En
una nota al pie de “La Biblioteca de Babel” Borges anticipa la idea de un solo
libro infinito que podría reemplazar su laboriosa construcción de hexágonos y
anaqueles, un único vademecum sedoso de páginas que se desdoblan
interminablemente... Es el germen de “El libro de arena”, el libro que no tiene
primera ni última página.
Pero también,
el libro al que no puede bajarse dos veces con una misma lectura, el libro que
deja ver sólo fragmentos inconexos de su texto en cada forma –fatalmente
aleatoria- de pasar las páginas. Un libro con el orden aterrador de las
pesadillas, en que las páginas están numeradas, pero el dedo no puede descubrir
cuál es la próxima... Mariano Sardón ha logrado la aproximación quizá más fidedigna
a esa idea. La superficie de su libro puede tocarse como se toca la finísima
arena en la playa. Los movimientos de la palma hacen brotar y concitan y
arremolinan textos, el filo de la uña
separa frases, la persistente presión de un dedo las desmorona en sumideros de los que no puede regresarse.
Quizá –no lo he probado- una mano suficientemente memoriosa pueda hacer un
castillo, o reescribir El castillo página por página.

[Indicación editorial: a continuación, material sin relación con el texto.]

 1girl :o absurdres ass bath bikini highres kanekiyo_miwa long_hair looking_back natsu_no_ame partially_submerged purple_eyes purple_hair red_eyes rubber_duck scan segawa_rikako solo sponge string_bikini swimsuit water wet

¿Solamente un nuevo soporte, tan lleno y
tan vacío como fue en su momento el primer lienzo en blanco? Poco importa. La
idea tiene en sí la suficiente belleza como para suspender estas discusiones y
nos sentimos atraídos al experimento como niños devueltos a la infancia. Que
cada uno pruebe su mano y remueva un poco la arena: al fin y al cabo la
literatura tampoco tiene un Pasador de Páginas.